The MOCI release mentioned that your first cinema will be opening “in the next few days.” What is the timescale currently?
We’ve been planning this for some time as the announcement wasn’t entirely unexpected, and the cinema is basically now ready to open. We’ve got a great location in a family entertainment centre and there’ll be four screens at the new cinema, including Saudi’s only IMAX. We don’t have an exact opening date yet as we’re still working with the authorities to make sure everything is correct, but we expect it to be probably in around a week’s time.
What are the plans for initial programming? Will you be showing different films on each screen or just whatever is currently permitted?
We’re of course working closely with the relevant authorities regarding exactly what films we’ll be showing, but yes, we plan to show as many films as possible – maybe even more than one film per screen because there is so much demand and so little supply currently.
We already know that the Marvel films Black Panther and Infinity Wars have been approved for screening, so they’ll be on the initial list, and we’re currently working on approval for Ferdinand. That’s a family film that’s done really well elsewhere in the Middle East, and we don’t envisage any problems with that.
Moving forwards, what kind of films would you expect to be showing? What specific films from the current release schedules are likely to get an airing?
We expect to be focusing largely on new films. We will feature some older classics, but we think new films is really the way forward. You have to remember that a lot of Saudis regularly come to the UAE or elsewhere to go to the cinema, so we’d anticipate a limited demand for older films, although we still expect some demand, but mainly we’ll be looking at the forthcoming lists to see what’s appropriate. I can’t name any further specific films just yet as this is still very early days, but we really don’t expect too many difficulties in terms of what we can show – the biggest films regionally tend to family films and big ticket action movies, and there are really very few issues with those in terms of respecting the local culture.

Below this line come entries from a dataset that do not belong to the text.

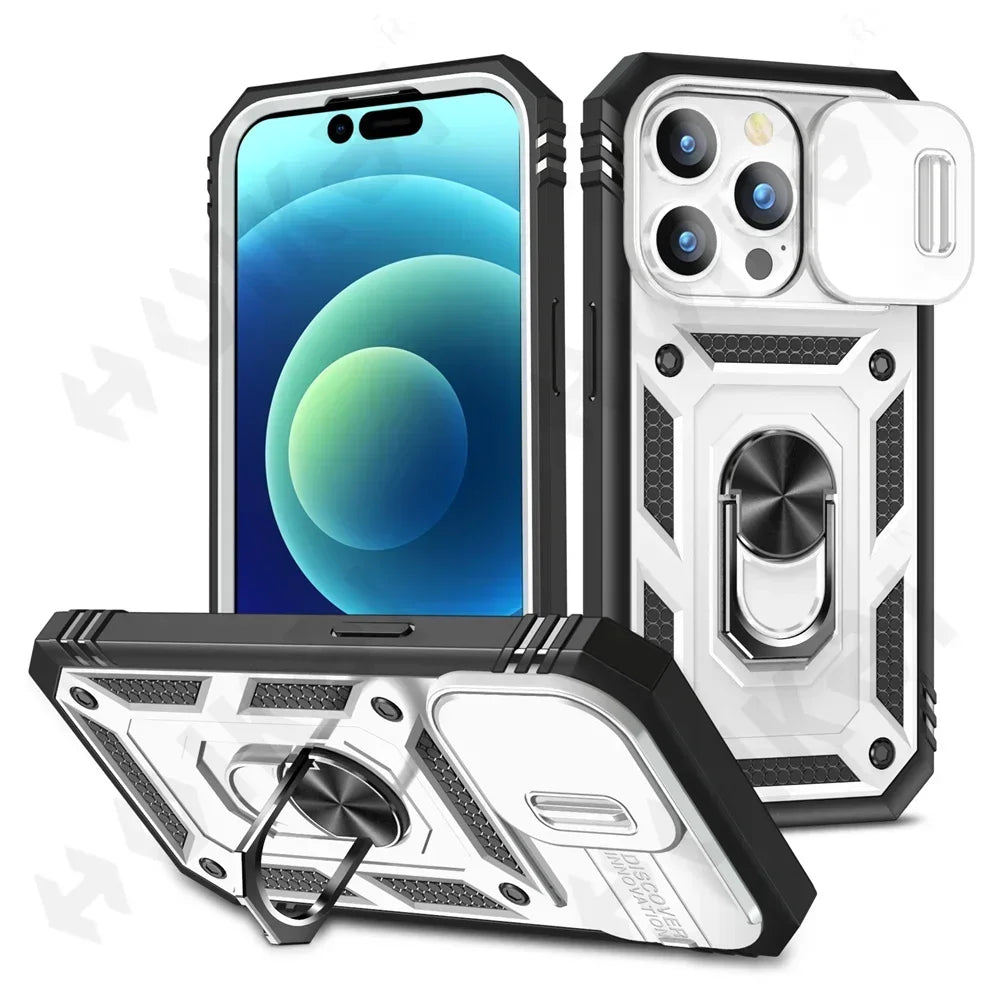 Capa com Tampa de Câmara Deslizante e Suporte 360º para iPhone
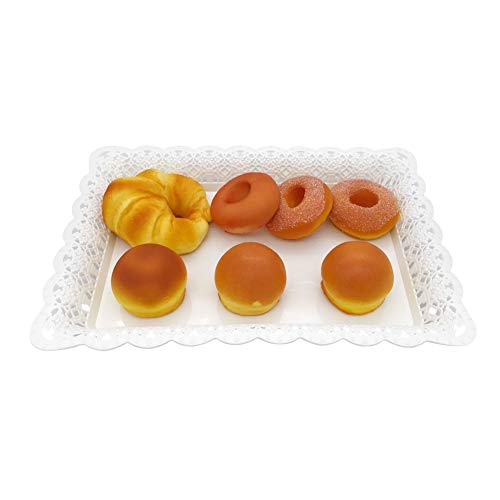 Set of 2 Pcs Rectangle Plastic Serving Trays Large 14.5"x10.2" for Wedding Birthday Party Fruits Desserts Candy Bar Display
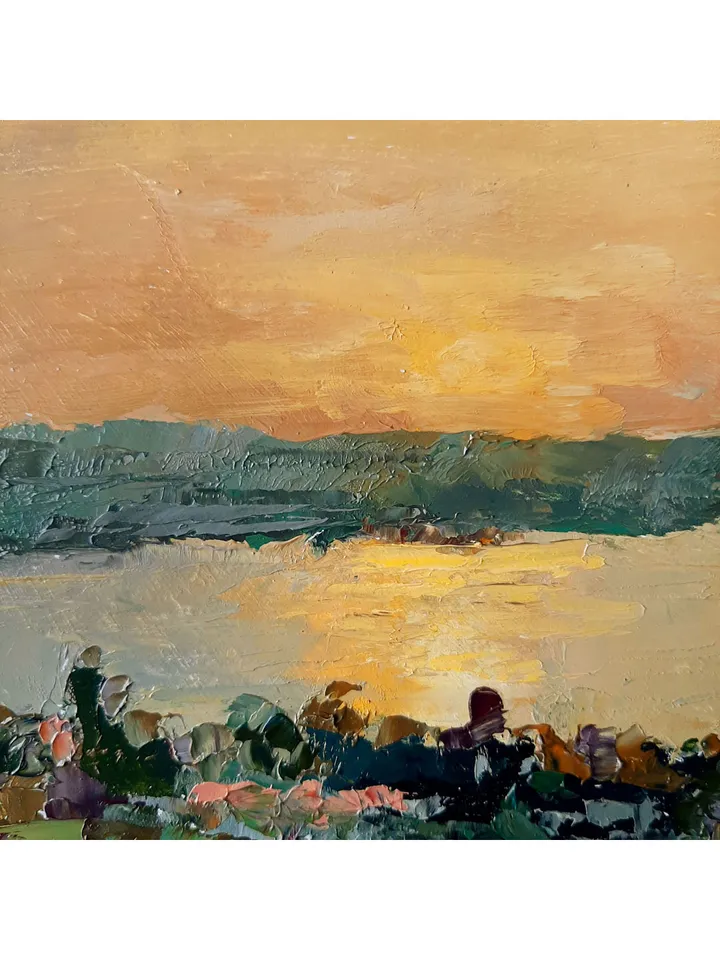 Golden Sunset Painting 8x12" ORIGINAL ART River Artwork Impressionist Seascape Signed by artist Marina Chuchko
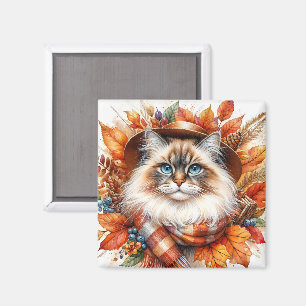 Ragdoll-katt på hösten med scarf magnet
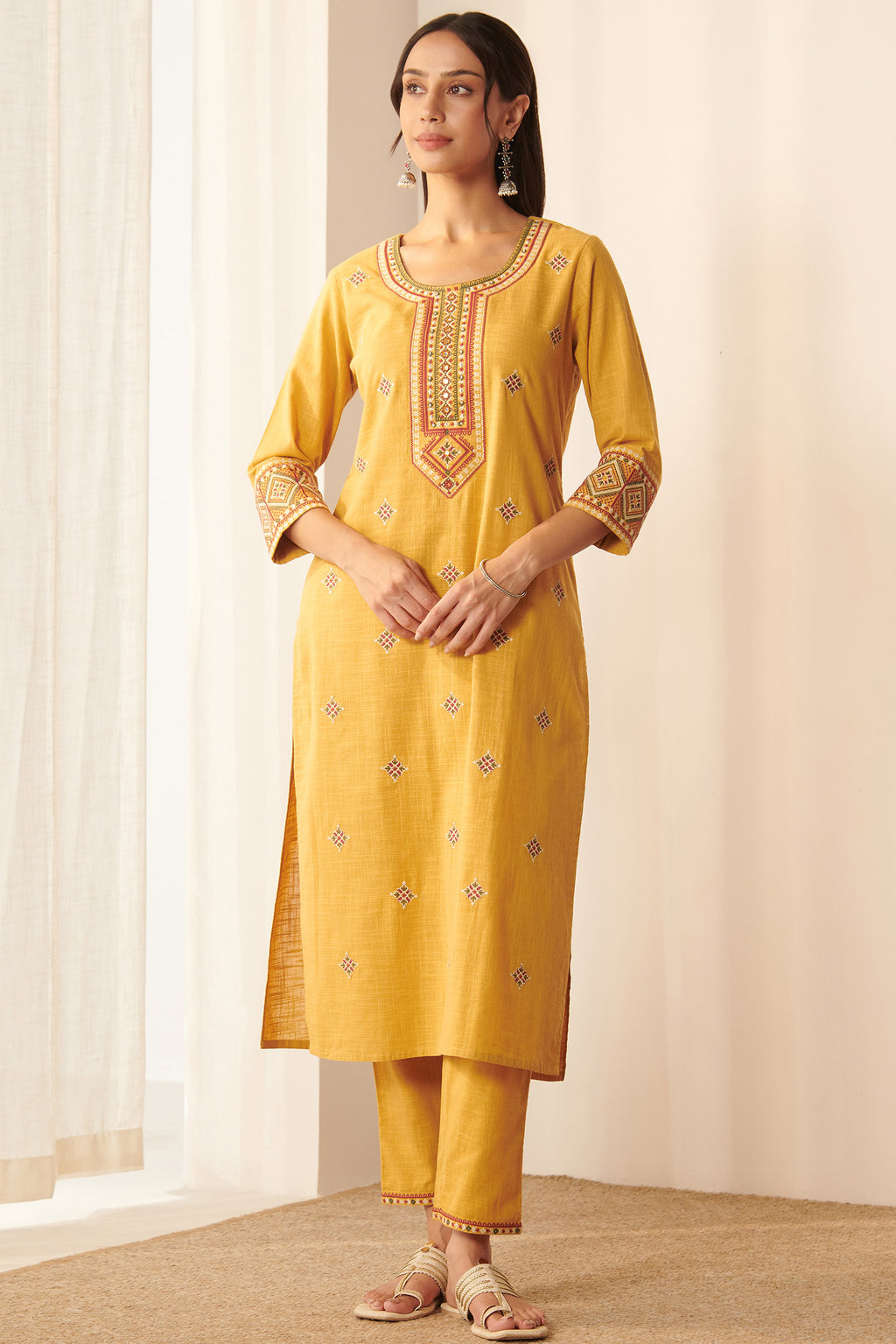 Mehraab Suhana Mustard Kurta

What is your understanding of how censorship will work in Saudi?
This is very early stages and we’re working very closely with the Saudi authorities to deliver a successful result for everyone. We know that films will have to be submitted to the relevant government body for approval, much like in the UAE, and there is already a great team in place there working on this. We expect things to develop quickly as cinema becomes a more integral part of Saudi life.
How about within the cinemas themselves? Will there be segregation?
Again, we’re in the very early stages, but we’ve made sure our cinemas are built from the design stage to accommodate any eventuality. We’ll be able to offer bachelor screenings, family screenings, or a combination of whatever eventual rules may be in place. Everything has been designed to ensure we’re ready for any eventuality when it comes to accommodating audiences appropriately and comfortably.
Saudi will be the first market in the Gulf where you’re competing with the big US/European chains. Do you see this presenting any new challenges?
Quite the opposite – I think the incoming chains may be the ones who have to up their game. We know what audiences in this region want, we've served millions of them over many years, and if you look at the offering we have, from our luxury seating options to offerings like Theatre by Rhodes, I think they’re really unparalleled in this region, or any other region in the world. Cinema-going is much more of an experience in this market than elsewhere in the world, and it’s also an experience that people take part in far more regularly than they do in other markets if you look at the figures. That’s all going to be new to the incoming operators.
How important could the Saudi market prove to Vox? Is this a moment you’ve been waiting/semi-prepared for years?
It’s massive for Vox [see the chain’s financial expectations here], but more than that it’s massive for cinema in the region. The entry of Saudi into the market, with that huge audience of around 30M, makes the Middle East a much bigger player globally. If you look at Australia, with a population of only about 24M, that’s the world’s ninth biggest market for cinema. Saudi Arabia is 30M on top of the existing market in the region, 30M totally new audience members. Just look at the Avengers event we’re running tonight across six countries in the region – add Saudi into that too and we’re suddenly a much bigger proposition in terms of our importance as a market to the studios too.